GCHART Procedure

About Chart Statistics

Definition: Chart Statistics

The chart statistic is the statistical value calculated for the chart variable and represented by each block, bar, or slice. The GCHART procedure calculates six chart statistics; the default statistic is frequency.
The examples given in the descriptions of these statistics assume a data set with two variables, CITY and SALES. The values of CITY are Denver, Seattle, and Tokyo. There are 21 observations: seven for Denver, nine for Seattle, and five for Tokyo.

Frequency

The frequency statistic is the total number of observations in the data set for each midpoint. For example, seven observations of the chart variable, CITY, contain the value Denver, so the frequency for the Denver midpoint is 7.

Cumulative Frequency

The cumulative frequency statistic adds the frequency for the current midpoint to the frequency of all of the preceding midpoints. For example, the frequency for the Denver midpoint is 7, and the frequency for the next midpoint, Seattle, is 9, so the cumulative frequency for Seattle is 16.
You cannot request cumulative frequency with the DONUT, PIE, PIE3D, or STAR statements.

Percentage

The percentage statistic is calculated by dividing the frequency for each midpoint by the total frequency count for all midpoints in the chart or group and multiplying it by 100. For example, the frequency count for the Denver midpoint is 7 and the total frequency count for the chart is 21, so the percentage statistic for Denver is 33.3%.

Cumulative Percentage

The cumulative percentage statistic adds the percentage for the current midpoint to the percentage for all of the preceding midpoints in the chart or group.
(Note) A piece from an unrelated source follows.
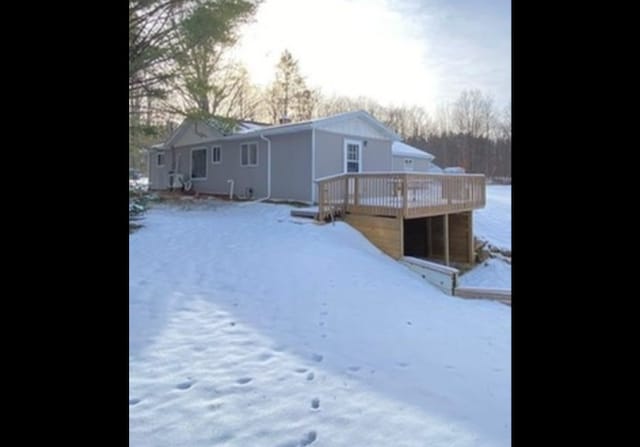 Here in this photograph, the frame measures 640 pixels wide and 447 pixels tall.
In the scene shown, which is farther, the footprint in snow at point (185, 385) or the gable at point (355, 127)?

For example, the percentage for the Denver midpoint is 33.3, and the percentage for the next midpoint, Seattle, is 42.9, so the cumulative percentage for Seattle is 76.2.
You cannot request cumulative percentage with the DONUT, PIE, PIE3D, or STAR statements.

Sum

The sum statistic is the total of the values for the SUMVAR= variable for each midpoint. For example, if you specify SUMVAR=SALES, and the values of the SALES variable for the seven Denver observations are 8734, 982, 1504, 3207, 4502, 624, and 918, then the sum statistic for the Denver midpoint is 20,471.
You must use the SUMVAR= option to specify the variable for which you want the sum statistic.

Mean

The mean statistic is the average of the values for the SUMVAR= variable for each midpoint. For example, if TYPE=MEAN and SUMVAR=SALES, the mean statistic for the Denver midpoint is 2924.42.
You must use the SUMVAR= option to specify the variable for which you want the mean statistic.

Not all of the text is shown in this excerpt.